Finally, to tease apart the dietary index/indices driving the findings, we conducted two additional sensitivity analyses with just main findings from our principal component analyses. The results for diet quality in cognition is presented in Table S4, while the results of gene X diet interactions are presented in Table S5. We found that, all three indices had significant contributions to Trails B test scores over time. However, only HEI-2010 and DASH scores influenced the gene X diet interactions for CVLT- List A and delayed free recall.

DISCUSSION

This study prospectively examined the relationship between change in diet quality and a genetic risk for AD on cognition in urban-dwelling African American adults. Our findings indicated that improvements in diet quality over time were associated with a slower rate of decline on a test of verbal memory particularly among African American women with higher genetic risk for AD (Fig. 2). The association was not present in men but persisted overall in mixed-sex analyses. No cross-sectional associations (initial diet and related findings) were detected in our present analyses, except for Trails A and B in women only.

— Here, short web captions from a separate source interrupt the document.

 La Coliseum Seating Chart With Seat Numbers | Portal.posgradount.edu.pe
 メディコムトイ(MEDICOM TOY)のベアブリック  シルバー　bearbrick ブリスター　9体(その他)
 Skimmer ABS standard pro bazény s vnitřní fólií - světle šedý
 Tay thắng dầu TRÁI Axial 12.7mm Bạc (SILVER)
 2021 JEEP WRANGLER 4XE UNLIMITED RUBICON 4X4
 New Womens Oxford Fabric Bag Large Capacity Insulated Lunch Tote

AD is a progressive cognitive decline that diminishes social and occupational functioning. AD is typically characterized by memory deficits, cognitive deterioration, functional impairment in activities of daily living, and neuropsychiatric symptoms47. It has been poorly identified and assessed in African Americans,48,49 resulting in an escalating public health crisis as reflected by an increased prevalence of the disease in African Americans.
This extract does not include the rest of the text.